岩田剛典『崖っぷちホテル!』視聴率ほぼ半減ショック! 「フツーに面白いドラマ」は、もういらない!?

「岩ちゃん」こと岩田剛典がブリブリな笑顔を振りまきつつ、老舗ホテルの再建を目指すドラマ『崖っぷちホテル!』(日本テレビ系)。第2話の視聴率は、なんと初回からほぼ半減となる6.1%(ビデオリサーチ調べ、関東地区)まで下げました。近年、稀にみる垂直落下ぶりですが、そんなに悪かったかなぁ。悪くないと思うんだけどなぁ。というわけで、今回も振り返ってみます。

(前回までのレビューはこちらから)

 

 新米支配人の佐那(戸田恵梨香)にお願いされ、ホテル・グランデ・インヴルサを再建するために名門バリストンホテルから衝撃の転職を果たした宇海くん(岩田)。前回までに、このホテルの問題点はだいたい洗い出せていたようで、さっそく大ナタを振るいます。

 まずは、やる気がないくせにプライドだけは高い副支配人・時貞(渡辺いっけい)と料理長・江口(中村倫也)を降格処分に。時貞は「宿泊部の主任」という新たな肩書を気に入るわけもなく、ブーブー言ってます。新人パティシエ・ハルちゃん(浜辺美波)に料理長の座を奪われた江口もイジケまくっていますが、宇海くんは相変わらずニコニコで気にも留めません。

 自ら副支配人となった宇海くんは、従業員一同に「ホテルの宝物である顧客名簿を読め」と命令。10年ほど前に、たくさんの客が「ケーキ美味い」と感想を寄せていたことが明らかになると、「このケーキを再現してケーキフェアをやろう」という企画を打ち出しました。

 で、ケーキフェアは概ね大成功。両親を事故で亡くした女子高生を盛大なおもてなしで感動させました。宇海くんの鮮やかな仕事ぶりに、最初は苦々しく思っていたバーマスター・梢さん(りょう)や元料理長・江口も、少しずつ心を許してきたようです。

 

■今回は「チャド・マレーン回」でした

 

 今回、大きくフィーチャーされたのは、見た目が完全に外国人なのに英語がしゃべれないベルボーイのピエール田中(チャド・マレーン)。

 ホテル上層部の人事をバッサバサに斬りまくる宇海の姿を見て、仕事に自信のないピエールは「ぼくはクビになる」とガクブル状態。そんなこんなで大事なケーキを踏んづけてしまうなどミスを重ね、宇海くんに呼び出しを食らいます。

 クビになる覚悟を決めたピエールでしたが、宇海くんは「一緒に、いい方法を考えましょう」と、優しく語りかけます。
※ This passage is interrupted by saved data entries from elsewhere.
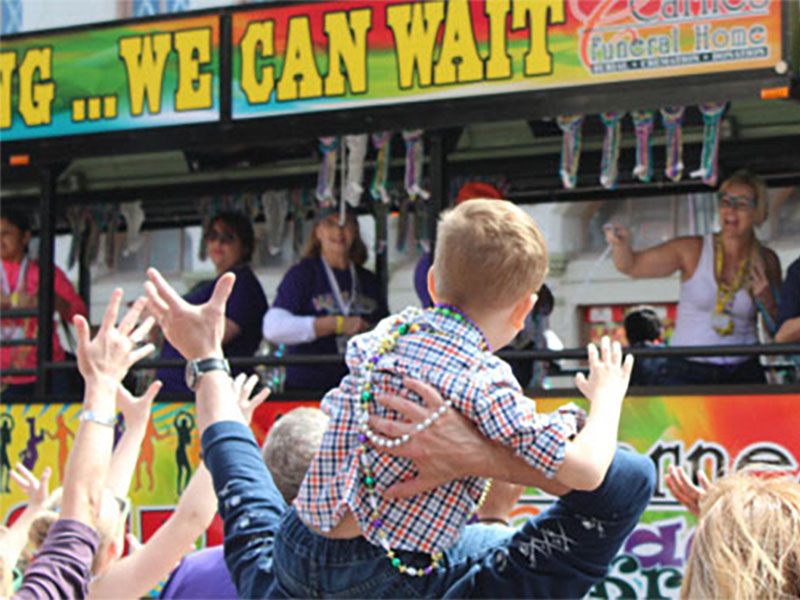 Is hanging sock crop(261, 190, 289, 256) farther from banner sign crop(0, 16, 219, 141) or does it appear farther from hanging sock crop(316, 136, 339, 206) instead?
banner sign crop(0, 16, 219, 141)

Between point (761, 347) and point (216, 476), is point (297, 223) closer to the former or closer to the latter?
point (761, 347)

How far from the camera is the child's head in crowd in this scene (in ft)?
7.39

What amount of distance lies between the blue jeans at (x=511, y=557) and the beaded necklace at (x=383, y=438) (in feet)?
0.06

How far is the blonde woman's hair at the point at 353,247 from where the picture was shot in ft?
23.2

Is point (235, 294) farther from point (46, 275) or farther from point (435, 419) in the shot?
point (435, 419)

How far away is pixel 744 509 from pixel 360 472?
0.68m

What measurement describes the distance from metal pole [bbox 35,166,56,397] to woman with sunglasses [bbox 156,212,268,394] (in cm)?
63

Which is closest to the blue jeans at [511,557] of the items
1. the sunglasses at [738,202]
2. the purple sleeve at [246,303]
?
the sunglasses at [738,202]

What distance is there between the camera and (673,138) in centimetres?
641

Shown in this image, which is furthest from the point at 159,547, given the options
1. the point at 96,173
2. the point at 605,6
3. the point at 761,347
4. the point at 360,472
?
the point at 96,173

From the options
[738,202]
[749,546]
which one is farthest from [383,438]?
[738,202]

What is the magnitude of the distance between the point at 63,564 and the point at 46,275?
488 cm

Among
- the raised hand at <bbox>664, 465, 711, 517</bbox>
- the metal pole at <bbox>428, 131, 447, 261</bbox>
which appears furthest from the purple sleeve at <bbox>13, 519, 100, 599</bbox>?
the metal pole at <bbox>428, 131, 447, 261</bbox>

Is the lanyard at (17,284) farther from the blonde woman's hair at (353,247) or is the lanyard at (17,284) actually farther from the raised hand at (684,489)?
the raised hand at (684,489) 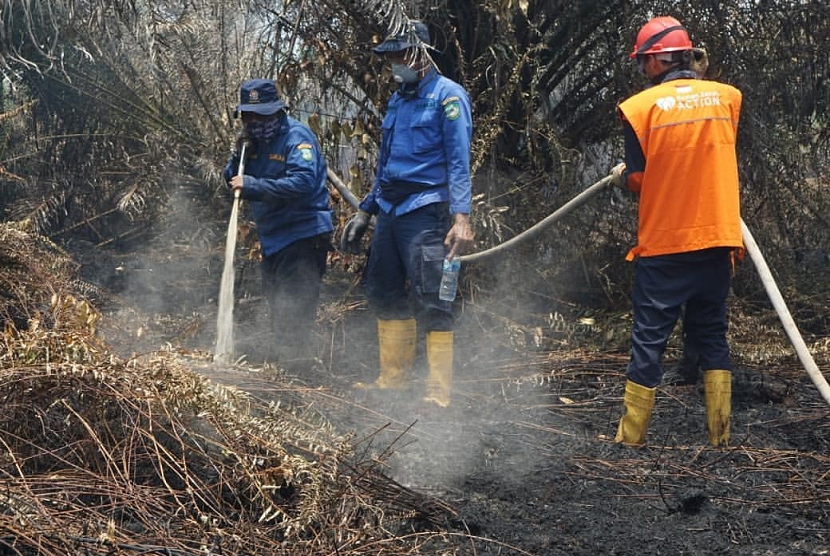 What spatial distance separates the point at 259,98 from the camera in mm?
5512

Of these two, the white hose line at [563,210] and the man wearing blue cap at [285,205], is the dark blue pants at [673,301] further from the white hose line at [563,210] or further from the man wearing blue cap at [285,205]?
the man wearing blue cap at [285,205]

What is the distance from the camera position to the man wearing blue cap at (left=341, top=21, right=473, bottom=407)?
5023 millimetres

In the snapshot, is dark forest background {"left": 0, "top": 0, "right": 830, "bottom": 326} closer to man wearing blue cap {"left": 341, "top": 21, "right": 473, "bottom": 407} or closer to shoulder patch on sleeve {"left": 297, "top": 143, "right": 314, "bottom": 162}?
man wearing blue cap {"left": 341, "top": 21, "right": 473, "bottom": 407}

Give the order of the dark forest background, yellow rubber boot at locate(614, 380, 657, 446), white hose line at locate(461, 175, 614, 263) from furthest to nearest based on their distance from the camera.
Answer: the dark forest background
white hose line at locate(461, 175, 614, 263)
yellow rubber boot at locate(614, 380, 657, 446)

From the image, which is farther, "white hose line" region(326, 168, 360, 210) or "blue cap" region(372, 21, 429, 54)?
"white hose line" region(326, 168, 360, 210)

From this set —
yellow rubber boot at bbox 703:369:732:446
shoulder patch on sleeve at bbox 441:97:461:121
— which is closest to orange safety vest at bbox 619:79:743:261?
yellow rubber boot at bbox 703:369:732:446

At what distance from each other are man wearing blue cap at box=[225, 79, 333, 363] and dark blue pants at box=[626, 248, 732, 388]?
199 cm

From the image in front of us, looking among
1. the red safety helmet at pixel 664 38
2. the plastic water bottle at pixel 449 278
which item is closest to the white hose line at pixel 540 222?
the plastic water bottle at pixel 449 278

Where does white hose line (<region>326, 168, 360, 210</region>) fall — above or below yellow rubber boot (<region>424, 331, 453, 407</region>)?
above

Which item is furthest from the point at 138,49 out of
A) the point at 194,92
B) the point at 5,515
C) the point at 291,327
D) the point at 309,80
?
the point at 5,515

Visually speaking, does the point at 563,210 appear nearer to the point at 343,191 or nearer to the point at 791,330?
the point at 791,330

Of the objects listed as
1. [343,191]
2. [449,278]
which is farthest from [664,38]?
[343,191]

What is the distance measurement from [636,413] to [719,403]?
381mm

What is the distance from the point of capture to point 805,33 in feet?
21.0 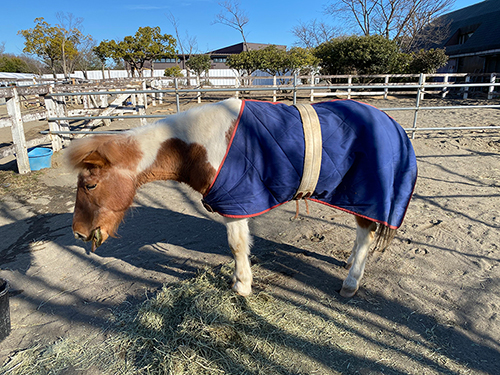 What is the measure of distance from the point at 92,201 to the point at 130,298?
98 centimetres

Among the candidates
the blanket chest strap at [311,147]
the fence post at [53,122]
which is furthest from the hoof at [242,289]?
the fence post at [53,122]

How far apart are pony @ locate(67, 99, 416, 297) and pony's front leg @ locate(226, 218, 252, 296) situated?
90 millimetres

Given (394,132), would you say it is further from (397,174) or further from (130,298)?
(130,298)

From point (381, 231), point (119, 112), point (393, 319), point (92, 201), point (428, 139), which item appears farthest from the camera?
point (119, 112)

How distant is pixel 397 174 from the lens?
7.47 feet

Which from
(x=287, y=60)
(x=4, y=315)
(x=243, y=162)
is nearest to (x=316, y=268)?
(x=243, y=162)

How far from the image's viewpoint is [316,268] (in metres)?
2.89

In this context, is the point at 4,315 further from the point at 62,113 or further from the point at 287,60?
the point at 287,60

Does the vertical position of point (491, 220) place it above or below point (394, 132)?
below

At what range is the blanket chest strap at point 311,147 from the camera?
211 centimetres

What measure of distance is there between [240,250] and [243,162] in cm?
73

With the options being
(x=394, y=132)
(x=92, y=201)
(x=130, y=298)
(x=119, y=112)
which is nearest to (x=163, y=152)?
(x=92, y=201)

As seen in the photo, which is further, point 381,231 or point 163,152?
point 381,231

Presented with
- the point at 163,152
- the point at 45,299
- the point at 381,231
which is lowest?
the point at 45,299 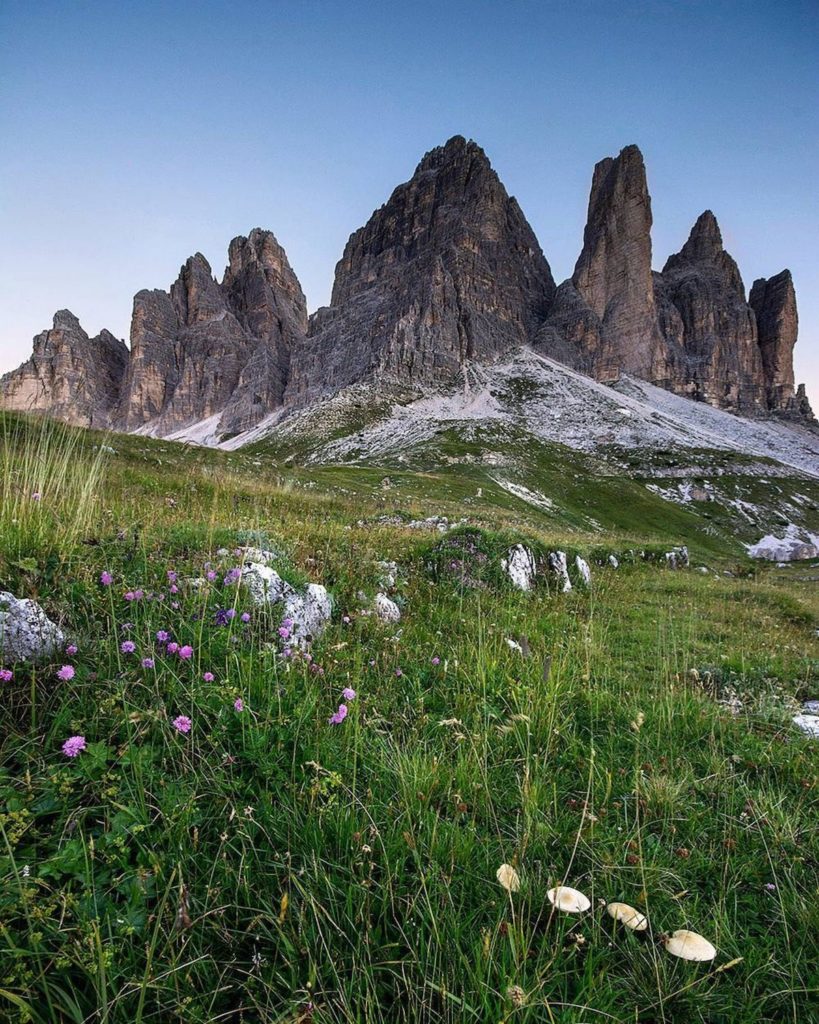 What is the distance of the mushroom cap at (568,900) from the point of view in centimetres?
168

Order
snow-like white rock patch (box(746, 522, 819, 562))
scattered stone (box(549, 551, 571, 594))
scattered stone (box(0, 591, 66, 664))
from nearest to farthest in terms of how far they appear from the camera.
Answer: scattered stone (box(0, 591, 66, 664))
scattered stone (box(549, 551, 571, 594))
snow-like white rock patch (box(746, 522, 819, 562))

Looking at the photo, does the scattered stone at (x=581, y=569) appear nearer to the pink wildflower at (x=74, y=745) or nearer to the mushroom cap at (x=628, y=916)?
the mushroom cap at (x=628, y=916)

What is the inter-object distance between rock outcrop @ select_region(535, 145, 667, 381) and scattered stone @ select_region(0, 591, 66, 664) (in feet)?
613

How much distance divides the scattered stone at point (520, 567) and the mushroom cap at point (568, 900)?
24.7ft

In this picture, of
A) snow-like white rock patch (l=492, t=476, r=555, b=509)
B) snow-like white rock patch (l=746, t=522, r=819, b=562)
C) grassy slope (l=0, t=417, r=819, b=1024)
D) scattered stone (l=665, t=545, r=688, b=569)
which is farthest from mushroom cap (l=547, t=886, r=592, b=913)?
snow-like white rock patch (l=746, t=522, r=819, b=562)

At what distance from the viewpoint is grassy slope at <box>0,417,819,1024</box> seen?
1.61 metres

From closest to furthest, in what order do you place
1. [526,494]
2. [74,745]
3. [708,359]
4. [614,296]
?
[74,745]
[526,494]
[614,296]
[708,359]

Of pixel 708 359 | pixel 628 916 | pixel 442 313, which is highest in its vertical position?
pixel 442 313

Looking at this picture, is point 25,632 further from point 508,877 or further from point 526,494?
point 526,494

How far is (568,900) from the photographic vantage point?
5.78 ft

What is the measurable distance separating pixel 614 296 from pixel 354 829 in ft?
716

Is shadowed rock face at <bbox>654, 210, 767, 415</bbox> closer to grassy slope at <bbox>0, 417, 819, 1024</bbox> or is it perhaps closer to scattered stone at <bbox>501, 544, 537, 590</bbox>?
scattered stone at <bbox>501, 544, 537, 590</bbox>

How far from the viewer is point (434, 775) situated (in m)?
2.63

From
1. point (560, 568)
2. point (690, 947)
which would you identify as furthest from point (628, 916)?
point (560, 568) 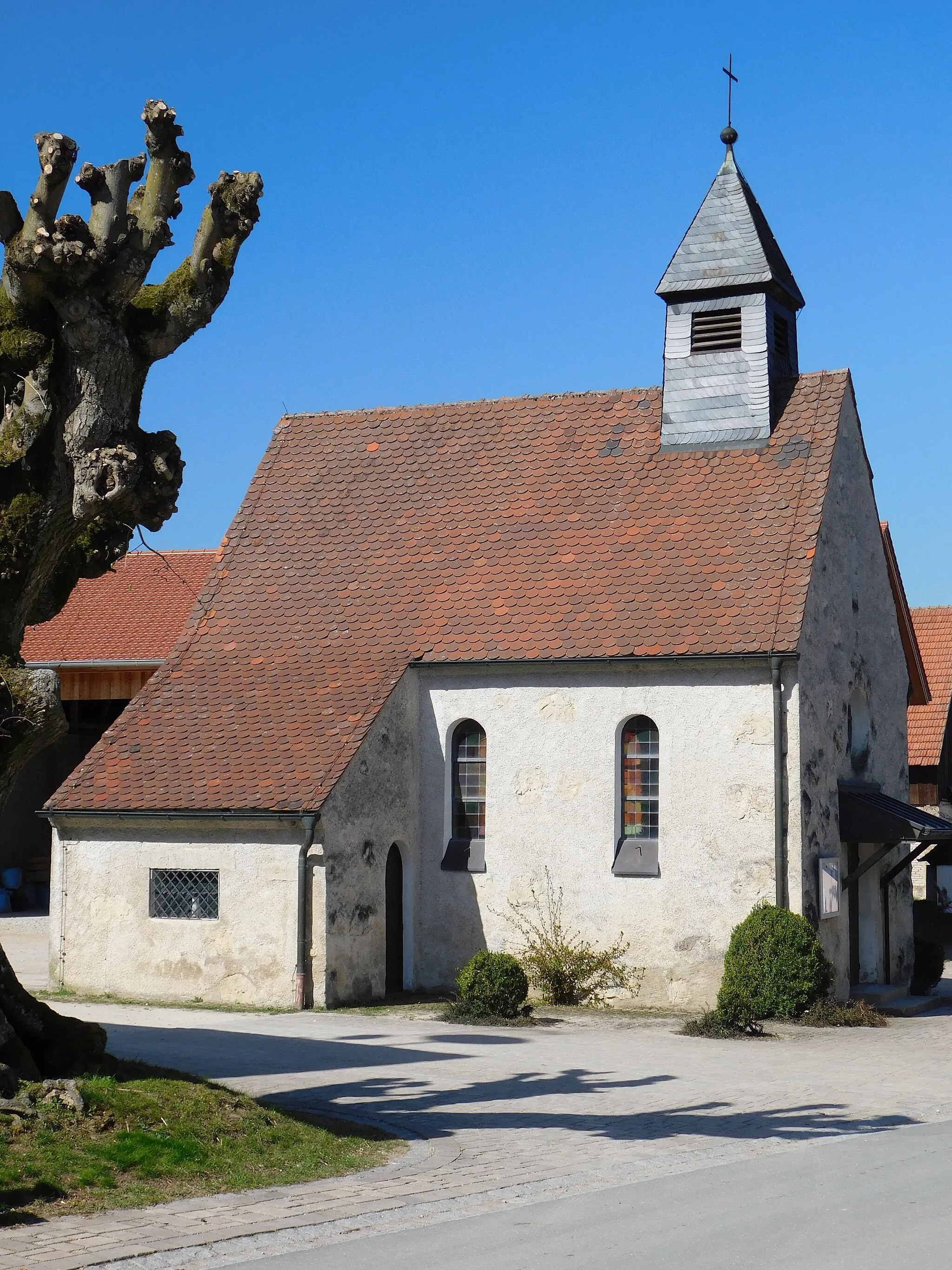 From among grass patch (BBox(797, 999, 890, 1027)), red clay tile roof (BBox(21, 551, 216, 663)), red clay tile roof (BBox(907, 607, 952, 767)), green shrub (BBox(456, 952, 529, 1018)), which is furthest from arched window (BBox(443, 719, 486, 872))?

そしてもう一度、顧客名簿を総ざらい。さらに、バーマスター梢さんの助言で、佐那の父が大事にしていた顧客からのお礼状もすべてひっくり返して読み返すことに。

 そんなこんなで、踏んづけたケーキをご所望だった女子高生が何者だったかを探し当て、無事にご満足をいただくことができました。

 やる気のない従業員に、さらなるミスを重ねさせてドン底にまで追い込み、宇海くんの器量の良さと本人の努力によって回復する。ピエールは宇海くんを信頼することになり、やる気を取り戻す。このドラマのフォーマットになるのは、こうして1人ひとりを回復させる流れなのでしょう。全員が宇海くんを中心にひとつになったとき、ホテルも復活を果たす、というクライマックスが見えてきます。

 

■浜辺美波のコメディエンヌぶりがまぶしいよ

 

 今回は、若き天才パティシエ・ハルちゃんを演じる浜辺美波が気を吐きました。イジけ腐った(元)上司の江口を「ツンデレなのね」と気にも介せず、自分のやるべきことを天真爛漫な笑顔でこなす姿は、実に健気で愛さずにはいられません。それにしても、17歳。永野芽郁もそうですが、新しい世代の女優さんがどんどん育ってる感じがして素敵です。

 また、ここまでスーパーポジティブなハルちゃんにも今後、波乱が訪れるとすれば、それは物語の大きな振り幅になると思います。中盤の盛り上がりを支えるのは、もしかしたらハルちゃんかもしれません。

■エピソードは弱い、弱いけど優しい

 

 見ていて気になるのは、各エピソードの弱さです。ピエールが「クビになる~」と恐れ慄く原因になったのも、「外国人客から逃げたのを宇海に見られた」「ケーキ踏んじゃった」だけなので、少し不自然に感じます。その宇海くんには「ネクタイ締められない」「20分締めたら3日も寝込んだ」という設定が与えられていますが、これもバリストンホテルとやらの副支配人にまでのし上がった人物としては、いかにも不自然。後半でバリッとスーツで決めるシーンがあって、それに対するギャップなのでしょうけど、ちょっと納得しかねる部分でもあります。

 また、ハルちゃんが食べたこともない「幻のケーキ」を完全に再現できちゃったのも安易だと思いますし、そのケーキを求めてやってきた女子高生の動機が、第1話と同じ「死んだ家族との思い出を求めて」というパターンだったことも、物足りないっちゃ物足りない部分です。

 ただ、こうした弱さもひっくるめて、優しい出来になっていると思うんですよねえ。第1話のレビューにも書きましたが、基本的には岩ちゃんファン向けのアイドルドラマなので、そもそもの岩ちゃんのパブリックイメージに、よく似合う作風だと思う。で、弱いといっても、退屈なわけではない。フツーに面白い、といえるくらいにはまとまってる。

 そういう、それなりによくできたドラマがここまで数字を下げるというのは、第2話を見終えた後でも、ちょっと不思議だなぁという印象が残ります。岩ちゃんの求心力が、まあこんなもんなのもあるけど、なんかフツーに面白いドラマって、もうあんまり視聴者に求められてないのかもしれませんね。ホント、悪くないし、マジメに作ってると思うんだけど。うーむむ。